* [Record excerpts]:
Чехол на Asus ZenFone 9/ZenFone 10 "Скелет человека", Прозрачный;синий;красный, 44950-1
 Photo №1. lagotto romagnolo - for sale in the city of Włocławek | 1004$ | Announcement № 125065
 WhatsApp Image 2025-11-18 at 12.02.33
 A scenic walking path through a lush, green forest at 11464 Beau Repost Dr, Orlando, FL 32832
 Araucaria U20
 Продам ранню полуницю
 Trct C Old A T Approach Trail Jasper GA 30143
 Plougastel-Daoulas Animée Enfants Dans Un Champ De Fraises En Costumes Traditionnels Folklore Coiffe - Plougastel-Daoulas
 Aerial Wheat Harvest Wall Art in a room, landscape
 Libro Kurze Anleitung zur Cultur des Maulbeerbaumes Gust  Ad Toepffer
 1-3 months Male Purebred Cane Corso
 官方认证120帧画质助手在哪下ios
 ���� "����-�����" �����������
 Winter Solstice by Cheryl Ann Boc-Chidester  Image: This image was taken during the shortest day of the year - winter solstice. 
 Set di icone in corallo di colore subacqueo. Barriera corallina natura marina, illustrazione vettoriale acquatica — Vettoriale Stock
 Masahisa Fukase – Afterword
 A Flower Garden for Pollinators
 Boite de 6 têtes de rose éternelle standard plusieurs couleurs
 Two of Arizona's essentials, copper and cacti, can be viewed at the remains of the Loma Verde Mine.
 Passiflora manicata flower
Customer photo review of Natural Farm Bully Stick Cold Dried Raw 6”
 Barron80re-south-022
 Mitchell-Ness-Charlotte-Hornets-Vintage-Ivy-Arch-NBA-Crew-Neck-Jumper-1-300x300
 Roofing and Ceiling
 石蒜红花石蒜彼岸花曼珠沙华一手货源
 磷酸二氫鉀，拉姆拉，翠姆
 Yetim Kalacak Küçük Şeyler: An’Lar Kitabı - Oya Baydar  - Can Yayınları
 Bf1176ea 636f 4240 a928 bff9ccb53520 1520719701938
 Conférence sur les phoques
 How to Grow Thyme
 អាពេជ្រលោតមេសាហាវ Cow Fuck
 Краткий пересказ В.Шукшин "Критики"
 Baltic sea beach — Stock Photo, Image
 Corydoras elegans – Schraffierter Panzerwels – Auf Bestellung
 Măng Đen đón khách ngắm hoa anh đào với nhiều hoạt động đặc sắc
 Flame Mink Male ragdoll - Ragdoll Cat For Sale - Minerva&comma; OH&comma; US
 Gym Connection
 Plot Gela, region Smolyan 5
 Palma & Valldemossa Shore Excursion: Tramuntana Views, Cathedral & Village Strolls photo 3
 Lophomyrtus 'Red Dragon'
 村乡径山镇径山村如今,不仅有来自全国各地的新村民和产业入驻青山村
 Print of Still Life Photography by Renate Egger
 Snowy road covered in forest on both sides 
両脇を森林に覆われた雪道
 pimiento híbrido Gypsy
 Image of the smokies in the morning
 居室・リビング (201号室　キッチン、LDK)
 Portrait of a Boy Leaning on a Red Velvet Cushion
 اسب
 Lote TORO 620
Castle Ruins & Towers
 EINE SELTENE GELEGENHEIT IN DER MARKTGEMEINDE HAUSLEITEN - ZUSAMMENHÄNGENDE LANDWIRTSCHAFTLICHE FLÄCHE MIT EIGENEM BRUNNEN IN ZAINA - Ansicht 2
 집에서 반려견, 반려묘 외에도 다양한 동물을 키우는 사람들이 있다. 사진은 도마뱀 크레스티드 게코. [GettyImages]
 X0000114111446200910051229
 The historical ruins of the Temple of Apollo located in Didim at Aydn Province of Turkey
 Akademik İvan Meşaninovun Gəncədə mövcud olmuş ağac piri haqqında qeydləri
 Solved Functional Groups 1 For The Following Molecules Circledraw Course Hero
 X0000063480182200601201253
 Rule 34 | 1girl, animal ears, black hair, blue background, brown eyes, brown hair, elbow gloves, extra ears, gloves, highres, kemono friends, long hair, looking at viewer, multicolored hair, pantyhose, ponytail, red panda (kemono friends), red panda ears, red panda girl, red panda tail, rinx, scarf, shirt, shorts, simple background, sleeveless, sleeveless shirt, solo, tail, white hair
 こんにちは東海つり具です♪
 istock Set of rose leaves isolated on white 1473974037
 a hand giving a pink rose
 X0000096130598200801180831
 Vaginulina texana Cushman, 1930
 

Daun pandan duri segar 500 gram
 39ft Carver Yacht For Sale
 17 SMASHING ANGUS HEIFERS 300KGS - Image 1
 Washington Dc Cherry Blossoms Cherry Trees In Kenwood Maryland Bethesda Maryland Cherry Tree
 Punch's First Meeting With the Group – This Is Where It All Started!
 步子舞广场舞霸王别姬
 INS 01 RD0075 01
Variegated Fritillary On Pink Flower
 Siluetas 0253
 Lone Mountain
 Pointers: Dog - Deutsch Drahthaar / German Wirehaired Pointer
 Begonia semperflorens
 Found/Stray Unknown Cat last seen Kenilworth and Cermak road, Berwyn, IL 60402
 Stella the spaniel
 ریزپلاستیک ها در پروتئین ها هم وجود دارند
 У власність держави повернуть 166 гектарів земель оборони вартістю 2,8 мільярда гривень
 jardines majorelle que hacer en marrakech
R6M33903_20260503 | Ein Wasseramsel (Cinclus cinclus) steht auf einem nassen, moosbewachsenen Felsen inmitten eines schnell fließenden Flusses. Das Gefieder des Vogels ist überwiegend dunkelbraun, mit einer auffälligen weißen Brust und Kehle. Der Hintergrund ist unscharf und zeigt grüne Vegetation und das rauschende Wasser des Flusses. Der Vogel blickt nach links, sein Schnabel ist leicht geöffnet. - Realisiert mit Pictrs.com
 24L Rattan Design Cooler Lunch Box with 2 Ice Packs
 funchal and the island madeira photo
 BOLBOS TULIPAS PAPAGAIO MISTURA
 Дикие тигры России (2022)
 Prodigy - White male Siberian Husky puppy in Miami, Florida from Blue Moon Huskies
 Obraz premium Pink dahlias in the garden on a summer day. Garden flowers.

* [What needs to be done]:
Your answer should be the line with "Begonia semperflorens" and all lines after it in the listing above, repeated exactly. No other lines belong.

* [Task solution]:
 Begonia semperflorens
 Found/Stray Unknown Cat last seen Kenilworth and Cermak road, Berwyn, IL 60402
 Stella the spaniel
 ریزپلاستیک ها در پروتئین ها هم وجود دارند
 У власність держави повернуть 166 гектарів земель оборони вартістю 2,8 мільярда гривень
 jardines majorelle que hacer en marrakech
R6M33903_20260503 | Ein Wasseramsel (Cinclus cinclus) steht auf einem nassen, moosbewachsenen Felsen inmitten eines schnell fließenden Flusses. Das Gefieder des Vogels ist überwiegend dunkelbraun, mit einer auffälligen weißen Brust und Kehle. Der Hintergrund ist unscharf und zeigt grüne Vegetation und das rauschende Wasser des Flusses. Der Vogel blickt nach links, sein Schnabel ist leicht geöffnet. - Realisiert mit Pictrs.com
 24L Rattan Design Cooler Lunch Box with 2 Ice Packs
 funchal and the island madeira photo
 BOLBOS TULIPAS PAPAGAIO MISTURA
 Дикие тигры России (2022)
 Prodigy - White male Siberian Husky puppy in Miami, Florida from Blue Moon Huskies
 Obraz premium Pink dahlias in the garden on a summer day. Garden flowers.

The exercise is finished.